Du kilt au Slip-on Prada
Rencontrer l'éleveur, tâter de la bête, il ne restait donc plus qu'à découvrir l'art de la découpe. Ce matin au réveil, Julien et Carolina ont passé le même pull cachemire moutarde et les même Slip-on Prada noires semelles caoutchouc blanc, avant d'enfiler le même tablier noir de la maison Le Bourdonnec. Le couple se fait tout petit au fond du minuscule commerce, derrière les vitrines où pendent les grosses pièces. Cinq personnes occupent déjà les 60m2, dont un petit Le Bourdonnec et l'imposante Marie-Flore, Antillaise qui suit Yves-Marie depuis des années. Dans ce couloir de préparations, coincé entre le frigo de maturation et la chambre froide, le patron entame une côte, dégage l'os, pare la viande. Ici, les Escudé mettent en place un programme sur mesure, qu'ils n'auront plus qu'à calquer à Madrid. « Ce qu'on va vendre, comment fignoler la matière brute, l'affiner et puis, enfin, tester les goûts : on touche du doigt le restaurant » , commente Julien en scrutant, très appliqué, les gestes d'Yves-Marie, qui transforme petit à petit l'énorme bidoche en jolies côtes.
C'est maintenant leur tour.
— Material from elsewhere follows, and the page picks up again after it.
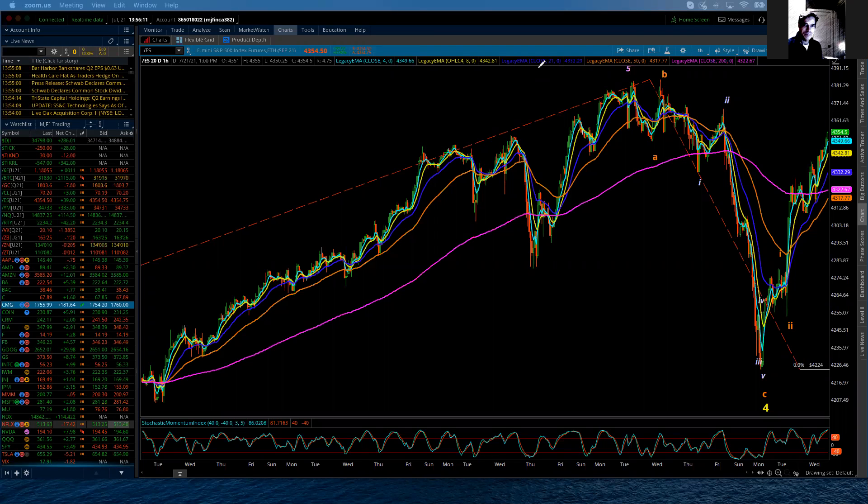Good afternoon, everybody. This is Michael Filagera. I am with LogicalSignals.com and TradersHelpingTraders.com. This is the Elliott Wave Update for the S&P 500 for Wednesday, July 21st, 2021.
Carolina, qui a enfilé un tablier de protection en cotte de mailles et attrapé le poignard, se lance la première. « Je le découpe comme ça ? » , demande-t-elle avant le désossage, avec un charmant accent franco-espagnol. « Si ça glisse, ça vous rentre dans la boîte à ragoût » , ironise Marie-Flore qui passe par là. Julien, moins familier avec la bête et la cuisine, met les mains dedans et tente à son tour de reproduire le trajet de la lame. « 25 minutes pour lui, 1h pour nous » , s'amuse-t-il. Ça tranche, pèse, discute, redécoupe, mesure le train de côtes, ficelle les côtelettes, analyse et discute prix : « Combien coûte l'entrecôte française ? » , « Jusqu'à quel prix peut-on vendre cette côte de bœuf ? » , « Quel est le poids d'un burger ? » « Je n'ai jamais vu ça de ma vie, s'enthousiasme Yves-Marie pas avare de conseils pratiques. D'habitude, les gens arrivent une fois que le projet est monté, juste pour avoir la viande. » À la fin de la matinée, le sportif concède quelques courbatures. « Ça fait mal aux avant-bras, se tâte l'ex-capitaine de l'Ajax, qui s'étonne de se découvrir de nouveaux muscles. Ce ne sont pas du tout les mêmes qui travaillent… C'est un peu comme la différence entre la course et le foot. Et puis je n'ai pas l'habitude d'être statique. »
Slow food, burger et Rolls du BBQ
Dans l'appartement au-dessus de la boucherie, on a cuisiné les morceaux parés il y a une heure. Toute l'équipe se met à table. Tandis que les employés tapent dans le plat comme à la cantine, Carolina observe d'abord la cuisson, sent, puis mâche longuement les morceaux cuits saignants par Yves-Marie Le Bourdonnec. Julien, moins technique, mais tout aussi gourmet, y va avec plus de distance. S'il aime jouer, il aime aussi manger. Jusque-là, le régime était imposé, aujourd'hui, il est juste raisonné. « Jeune, on élimine plus. En début de semaine, je mangeais tout ce que je voulais, puis en fin, avant les matchs, le régime était plus strict. Mais j'ai toujours favorisé les bons plats gastronomiques. Aujourd'hui, dès que je sens que je suis hors poids, je fais tout de suite du sport. J'arrive à me réguler en boissons, je garde une alimentation très variée. Le sport de haut niveau m'a appris ça. Dans la famille, on a une bonne nature, il faut en prendre soin. » Ce midi donc, pas de frites, pas de pain, juste un peu de vin rouge. Ses secrets pour garder la ligne ? Manger lentement et « plus de beurre » , qu'il adore pourtant, sur la tartine du matin.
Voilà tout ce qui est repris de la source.